I do think that, it's a large expense that was never there or never calculated before. I mean, as an example one insurance company, GNY, they offer a $5 million umbrella, but it cost $20,000. Geez. And for a building's budget, $ 20,000 on top of what a regular insurance, which has been going up at 12 to 20% per year over the last few years is even higher.
So you look to lessen the umbrellas with other companies that might not have as full the coverage. So I do believe on time we're going to start to see more companies maybe coming back into the umbrella market and giving us more choices. But over the last two, three years, it's not been there and hopefully it will be there soon.
[00:07:14] Carol Ott: Would your advice for a board to say, we just have to reduce the coverage, this is just too much money to carry?
[00:07:21] Carl Borenstein: Yes. I would definitely say that they should have an umbrella, but not to think what they used to have as a hundred million is necessary. .
I mean, the idea of an umbrella is when someone trips and falls and sues, they're not gonna sue you for a hundred thousand dollars. They're gonna sue you for $4 million. I don't know. Pick a number. The reality is, is that if an award is given, it might only be 600,000. The umbrella is there to protect anything that may escalate over the original million that the buildings carrier would normally cover. So you wanna have coverage in the event that it goes over that number. I don't think you need a hundred million or 50 million but you do want something to feel a little bit more comfortable.

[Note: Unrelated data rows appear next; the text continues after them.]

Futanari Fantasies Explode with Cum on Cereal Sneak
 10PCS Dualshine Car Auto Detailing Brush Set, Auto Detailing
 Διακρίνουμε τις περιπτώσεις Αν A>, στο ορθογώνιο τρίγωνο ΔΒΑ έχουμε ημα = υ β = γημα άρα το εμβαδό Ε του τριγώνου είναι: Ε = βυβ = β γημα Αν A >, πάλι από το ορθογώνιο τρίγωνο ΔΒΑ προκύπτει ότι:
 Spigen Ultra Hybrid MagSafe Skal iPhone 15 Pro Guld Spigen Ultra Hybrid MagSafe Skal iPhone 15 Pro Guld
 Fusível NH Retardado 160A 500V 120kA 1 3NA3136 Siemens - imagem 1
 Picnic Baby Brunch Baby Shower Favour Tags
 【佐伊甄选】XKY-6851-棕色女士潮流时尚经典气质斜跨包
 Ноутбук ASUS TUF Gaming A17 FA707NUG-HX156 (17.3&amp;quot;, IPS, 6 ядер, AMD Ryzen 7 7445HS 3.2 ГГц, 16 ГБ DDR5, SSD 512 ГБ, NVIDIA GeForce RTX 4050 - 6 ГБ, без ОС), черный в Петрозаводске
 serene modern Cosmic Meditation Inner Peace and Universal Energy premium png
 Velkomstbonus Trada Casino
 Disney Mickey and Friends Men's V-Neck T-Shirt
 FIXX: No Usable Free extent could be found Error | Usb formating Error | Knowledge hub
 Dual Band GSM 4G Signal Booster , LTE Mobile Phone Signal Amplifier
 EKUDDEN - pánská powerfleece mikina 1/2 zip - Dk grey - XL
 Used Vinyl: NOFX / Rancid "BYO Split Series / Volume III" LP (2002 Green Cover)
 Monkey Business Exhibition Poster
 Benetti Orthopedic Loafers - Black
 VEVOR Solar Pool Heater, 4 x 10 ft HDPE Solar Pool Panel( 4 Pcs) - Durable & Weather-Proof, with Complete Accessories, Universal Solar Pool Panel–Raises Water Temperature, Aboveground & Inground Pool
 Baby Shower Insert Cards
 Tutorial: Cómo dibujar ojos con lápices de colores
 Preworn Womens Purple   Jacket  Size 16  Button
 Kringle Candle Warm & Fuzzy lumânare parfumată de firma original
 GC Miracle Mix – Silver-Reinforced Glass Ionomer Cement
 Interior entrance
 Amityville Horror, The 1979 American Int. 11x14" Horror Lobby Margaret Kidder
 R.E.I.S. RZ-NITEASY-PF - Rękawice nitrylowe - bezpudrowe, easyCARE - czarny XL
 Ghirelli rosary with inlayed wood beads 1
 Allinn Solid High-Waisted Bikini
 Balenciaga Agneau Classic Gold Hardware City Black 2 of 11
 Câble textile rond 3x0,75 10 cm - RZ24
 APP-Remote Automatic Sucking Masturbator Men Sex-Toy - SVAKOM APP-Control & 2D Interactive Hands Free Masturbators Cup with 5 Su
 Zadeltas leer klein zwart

Feeling comfortable is also finding something that's also affordable that you can live with and that gives you coverage as well. That magic number depends on everybody's budget, but it's not an easy number. 'Cause no matter which way you look at it, it's not cheap.
[00:08:07] Carol Ott: Right. And just finally. Give me your, takeaway for boards really faced with having to institute a double digit maintenance increase.
Is there a more positive way to sell it?
[00:08:20] Carl Borenstein: I think that many boards have gone for many years without giving maintenance increases at all, and I think that that's first of all part of the problem. I believe personally, that a building should have a maintenance increase every year, whether it be 2% or 3% so that they cover the cost of living, because there's very few things that are going down in price. I don't know of anything going down. Payroll keeps going up, real estate's going up, orders going up. Insurance is going up. The only thing when you do a budget, 80% of it is mostly fixed.
Your 20% that you're playing with is, will this be a better year for repairs or a worse year for repairs? Will we need more supplies this year or less? There's very little on the guesswork on the budget. So I think that what you have to do, even if you had a balanced budget the way it is, you still do the two, 3% increases so that this way later on, as things get worse in the economy, like the energy market and insurance market, it might stem to tide to needing double digit increases 'cause you've all along been building up a little kitty so that you can keep your numbers lower.
[00:09:17] Carol Ott: Terrific. Thank you so much for your insights, Carl Bornstein.